What's a Lutheran? (1) So What Is a Lutheran, Anyway?
Unless you grew up around Lutherans – and here in northern Virginia, most people didn’t – you may not really know what is distinctive about the Lutheran church or what we mean here at Epiphany by calling ourselves a Lutheran congregation.
The official definition of a Lutheran church is one that subscribes to a confession of faith called the Unaltered Augsburg Confession of 1530. This statement summarized the position of the “evangelical” movement around Martin Luther and was aimed – unsuccessfully – at reaching agreement and reunification with Roman Catholics. This 16th-century document doesn’t touch on every question we have today, but much of it is still relevant, and to this day the technical definition of a Lutheran congregation is one that professes and teaches in accord with this confession (and usually a collection of other, related Reformation documents such as Luther’s catechisms known as the Book of Concord).

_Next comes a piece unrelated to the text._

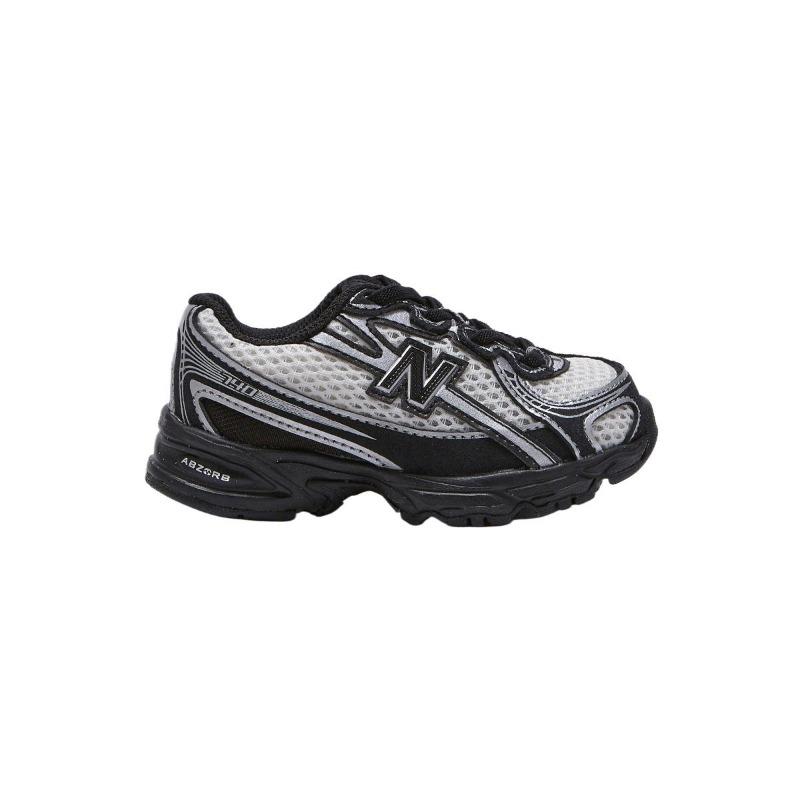 New Balance 740 Toddler Classic Low Walking Shoes I7404RZ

Practically, the end of the European religious wars of the 16th and 17th centuries resulted in the established state churches of parts of Germany, Scandinavia, and other places accepting the Augsburg Confession and so adopting the “Lutheran” label. Immigrants to North America from these places brought their home churches with them. Over the years the majority of U.S. Lutherans combined to form the Evangelical Lutheran Church in America (ELCA) in 1988, although a significant number of other, more sectarian Lutheran groups continue to exist in the United States. Many other churches around the world also identify themselves as Lutherans.
But the best understanding of Lutherans is that we belong to a movement within the one universal (or “catholic”) Christian church, in continuity with historic Western Christian faith. We have a distinctive theology and spirituality, which we’ll explore in this series, but Lutherans have an approach to Christianity intended to be an offering to all Christians – we never intended or wanted to be a “denomination” separate from other Christians. In fact, the ELCA has full-communion agreements with six other Christian denominations (including The Episcopal Church, the United Methodist Church, the Presbyterian Church (USA), the United Church of Christ, the Reformed Church in America, and The Moravian Church).